On the other hand, among methods for producing crystalline and amorphous thin films, a sol-gel method is exemplified as a most appropriate technology since it is a process conducted at a relatively low temperature and allows any shape to be formed.
However, a thin film prepared by the sol-gel method is generally in an amorphous form, and such an amorphous thin film should be subjected to a heat treatment at 300 to 800° C. in order to crystallize it. For example, in order to produce an anatase titania microcrystal, the sol-gel method is conducted first to prepare an amorphous titania thin film, which is then subjected to a heat treatment at a temperature as high as 300° C. or higher. Accordingly, a poorly heat resistant material such as an organic polymer have not been able to be employed as a support, and the materials for the supports are limited.
Thus, the invention was established under the circumstance described above, and its objective is to provide a novel transparent thin film exhibiting a high photocatalytic activity and a superhydrophilicity in addition to a high light transmittance, as well as a method for producing such a transparent thin film with no need of a high temperature treatment.

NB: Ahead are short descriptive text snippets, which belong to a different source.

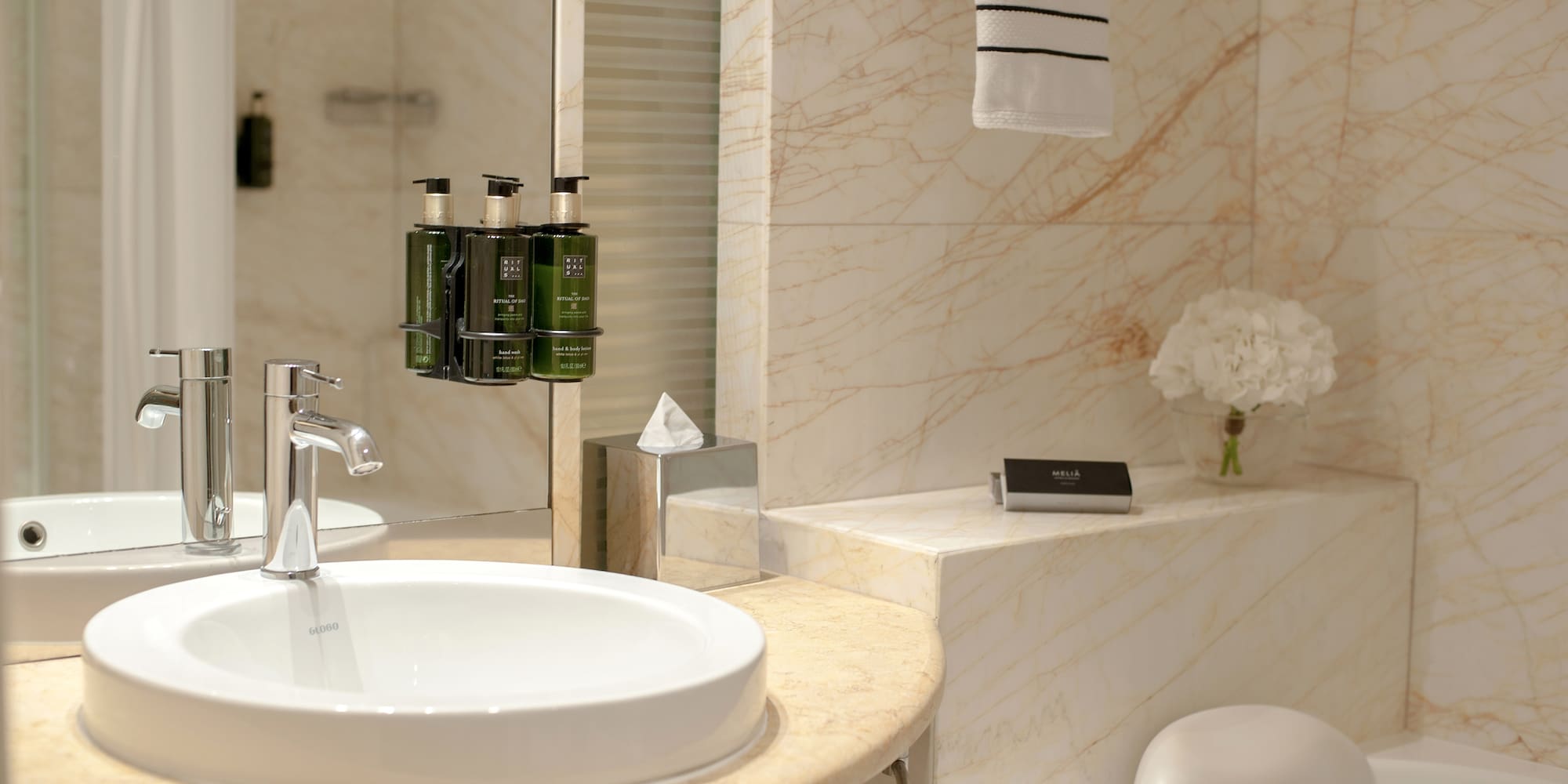 a bathroom with a sink and toilet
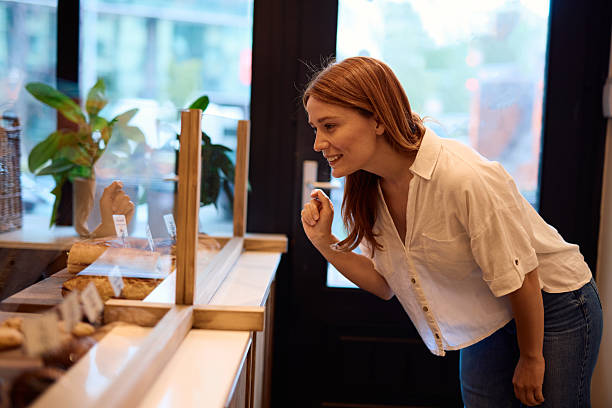 istock Young woman choosing fresh bread in a bakery shop window display 2215007241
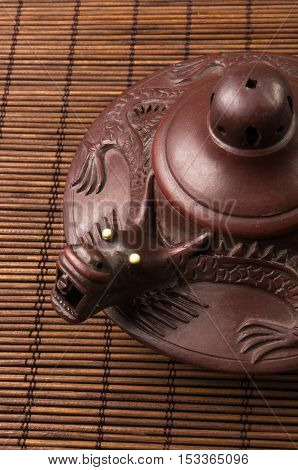 brown Chinese teapot of Yixing clay with traditional ornament on bamboo Mat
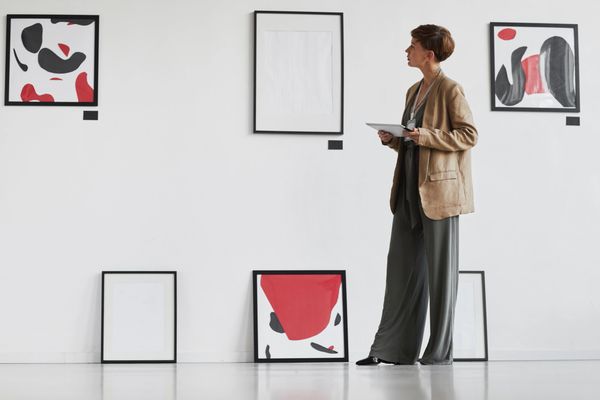 A woman observes abstract art in a gallery, holding a tablet.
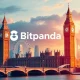 Bitpanda UK market entry depicted by a vibrant digital interface overlaying London skyline, symbolizing its ambitious expansion.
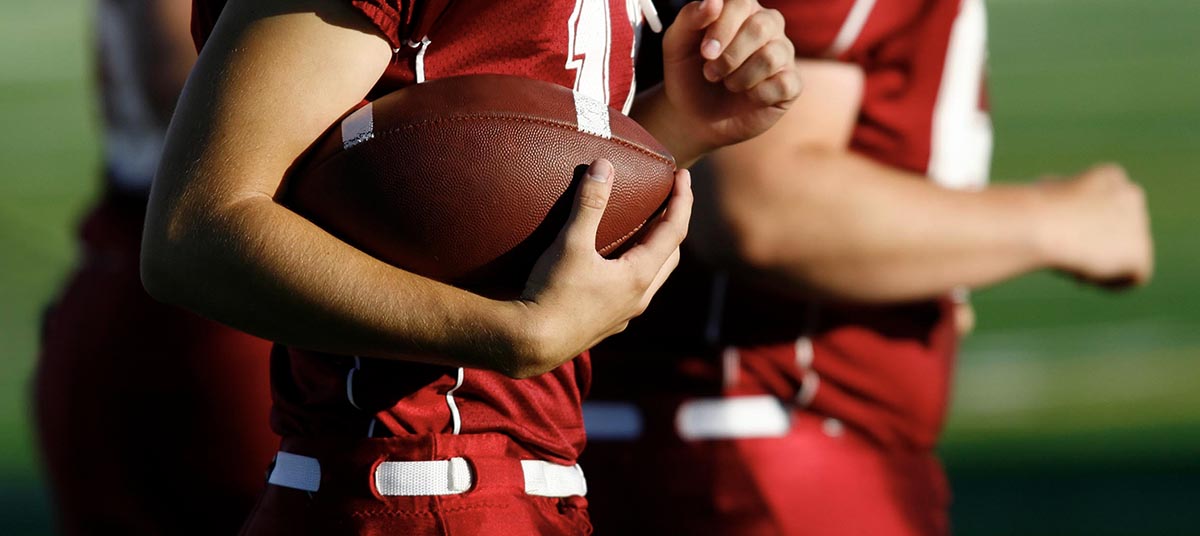 Close-up of football in player's hands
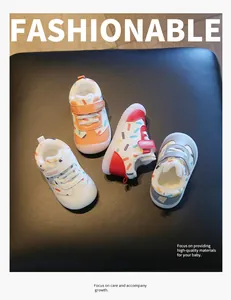Detailed close-up showing fleece-lined toddler winter shoes with colorful patterns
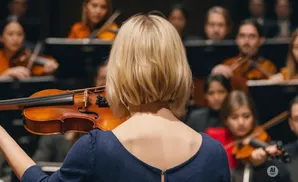 A violinist in a blue dress plays in an orchestra, with other musicians blurred in the background.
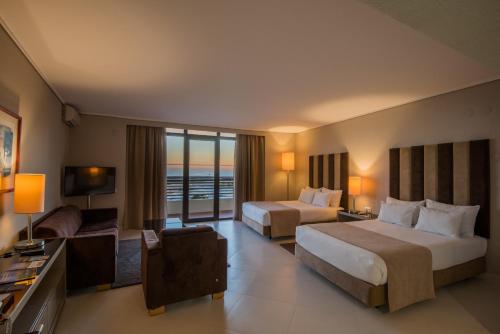 a hotel room with two beds and a television at Vila Gale Ampalius in Vilamoura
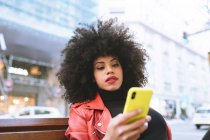 Elegante mujer afroamericana asombrada leyendo noticias en el teléfono celular sentado en el banco de la ciudad - foto de stock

DISCLOSURE OF THE INVENTION

Accordingly, the invention provides any of the following aspects as a means for solving the problems discussed above.
Thus, as the first aspect, a method for producing a transparent thin film comprising starting from a solution of a silicone alkoxide and a hydrolyzable titanium compound to form a gel film containing a composite metal oxide or hydroxide of the titanium compound and the silicon alkoxide followed by bringing into contact with water or heated water to precipitate a titania microcrystal on the surface of the thin film is provided.
Then, the invention also provides the second aspect which is a method for producing a transparent thin film described above wherein said silicon alkoxide is silicon tetraethoxide, the third aspect which is a method for producing a transparent thin film described above wherein said hydrolyzable titanium compound is a titanium alkoxide, the fourth aspect which is a method for producing a transparent thin film described above wherein the silicon alkoxide and the titanium compound are incorporated in a molar ratio within a range of SiO₂:TiO₂=5:1 to 1:3, the fifth aspect which is a method for producing a transparent thin film described above wherein the silicon alkoxide and the titanium compound are incorporated in the molar ratio of SiO₂:TiO₂=3:1, a sixth aspect which is a method for producing a transparent thin film described above involving a contact with a heated water at 50 to 100° C., and the seventh aspect which is a method for producing a transparent thin film described above characterized in that a fluoroalkylsilane was coated on the transparent thin film, and irradiated with an ultraviolet light via a photomask to form a superhydrophilicity-superhydrophobic pattern on the transparent thin film.
The invention also provides the eighth aspect which is a transparent thin film produced by a method according to the above comprising as main ingredients a silica and a titania characterized in that an anatase-type titania microcrystal is dispersed highly over the surface of the thin film. The 9th aspect also provided is a transparent thin film produced by a method according to the above comprising as main ingredients a silica and a titania characterized in that a titania microcrystal in a crystalline form having a lattice spacing of about 0.7 nm is dispersed highly over the surface of the thin film.
Furthermore, invention provides the tenth aspect which is a transparent thin film described above characterized in that a superhydrophilicity reflected by a contact angle with water is 5° or less is exhibited, the eleventh aspect which is a transparent thin film described above characterized in that the silica and the titania are incorporated in a molar ratio within a range of SiO₂:TiO₂=5:1 to 1:3, the twelfth aspect which is a transparent thin film described above characterized in that the silica and the titania are incorporated in the molar ratio of SiO₂:TiO₂=3:1, the thirteenth aspect which is a transparent thin film described above characterized in that a superhydrophilicity-superhydrophobic pattern consisting of a superhydrophilic part and a superhydrophobic part is possessed, and finally the fourteenth aspect which is a transparent thin film described above characterized in that the superhydrophobic part consists of a fluoroalkylsilane.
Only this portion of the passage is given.